| Task data |
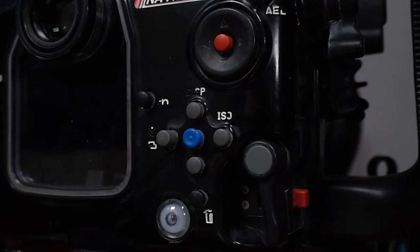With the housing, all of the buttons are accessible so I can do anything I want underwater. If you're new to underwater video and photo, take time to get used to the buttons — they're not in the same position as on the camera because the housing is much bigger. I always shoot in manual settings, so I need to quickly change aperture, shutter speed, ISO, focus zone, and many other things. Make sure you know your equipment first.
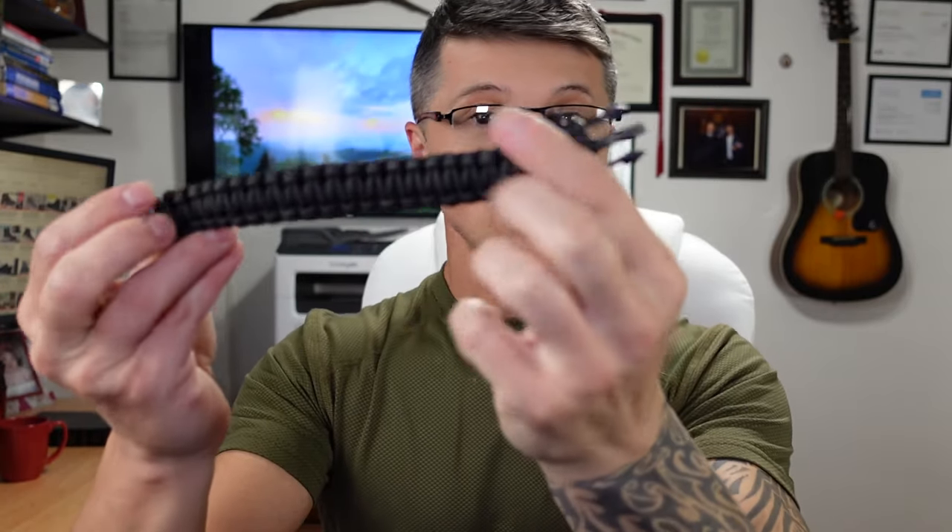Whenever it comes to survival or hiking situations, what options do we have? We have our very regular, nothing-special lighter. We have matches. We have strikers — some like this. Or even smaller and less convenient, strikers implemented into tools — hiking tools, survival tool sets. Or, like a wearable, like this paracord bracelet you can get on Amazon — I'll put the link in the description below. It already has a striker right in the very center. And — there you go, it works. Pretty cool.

* * *

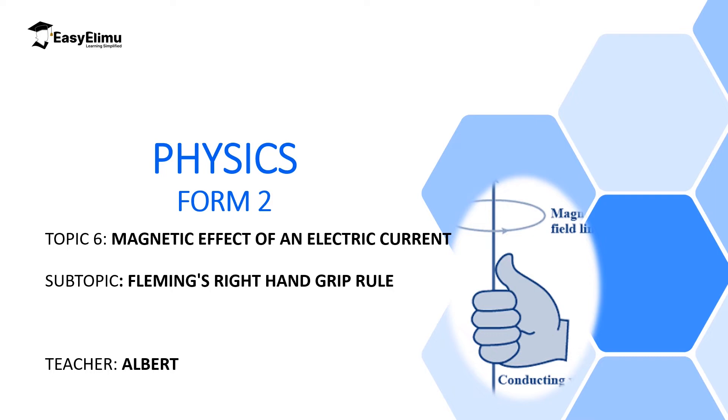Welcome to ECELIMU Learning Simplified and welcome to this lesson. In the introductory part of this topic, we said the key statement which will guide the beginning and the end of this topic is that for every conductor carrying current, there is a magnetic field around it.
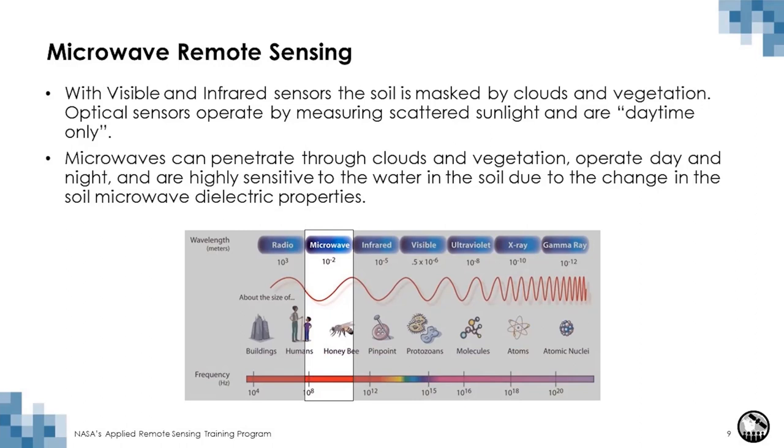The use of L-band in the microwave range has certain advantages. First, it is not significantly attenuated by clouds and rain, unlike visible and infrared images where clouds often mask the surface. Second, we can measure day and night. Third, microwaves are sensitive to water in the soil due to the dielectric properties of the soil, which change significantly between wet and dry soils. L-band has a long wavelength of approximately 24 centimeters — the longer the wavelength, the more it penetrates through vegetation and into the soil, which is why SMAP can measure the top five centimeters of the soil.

* * *

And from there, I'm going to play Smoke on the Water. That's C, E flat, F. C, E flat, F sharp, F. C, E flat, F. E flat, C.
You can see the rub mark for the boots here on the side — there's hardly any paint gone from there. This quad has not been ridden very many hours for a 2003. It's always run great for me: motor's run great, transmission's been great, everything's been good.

| Task prompt |
Pictures aside, return exactly the lines from the data above, starting at the line that has "With the housing, all" and ending at the line that has "Whenever it comes", both included.

| Exercise answer |
With the housing, all of the buttons are accessible so I can do anything I want underwater. If you're new to underwater video and photo, take time to get used to the buttons — they're not in the same position as on the camera because the housing is much bigger. I always shoot in manual settings, so I need to quickly change aperture, shutter speed, ISO, focus zone, and many other things. Make sure you know your equipment first.
Whenever it comes to survival or hiking situations, what options do we have? We have our very regular, nothing-special lighter. We have matches. We have strikers — some like this. Or even smaller and less convenient, strikers implemented into tools — hiking tools, survival tool sets. Or, like a wearable, like this paracord bracelet you can get on Amazon — I'll put the link in the description below. It already has a striker right in the very center. And — there you go, it works. Pretty cool.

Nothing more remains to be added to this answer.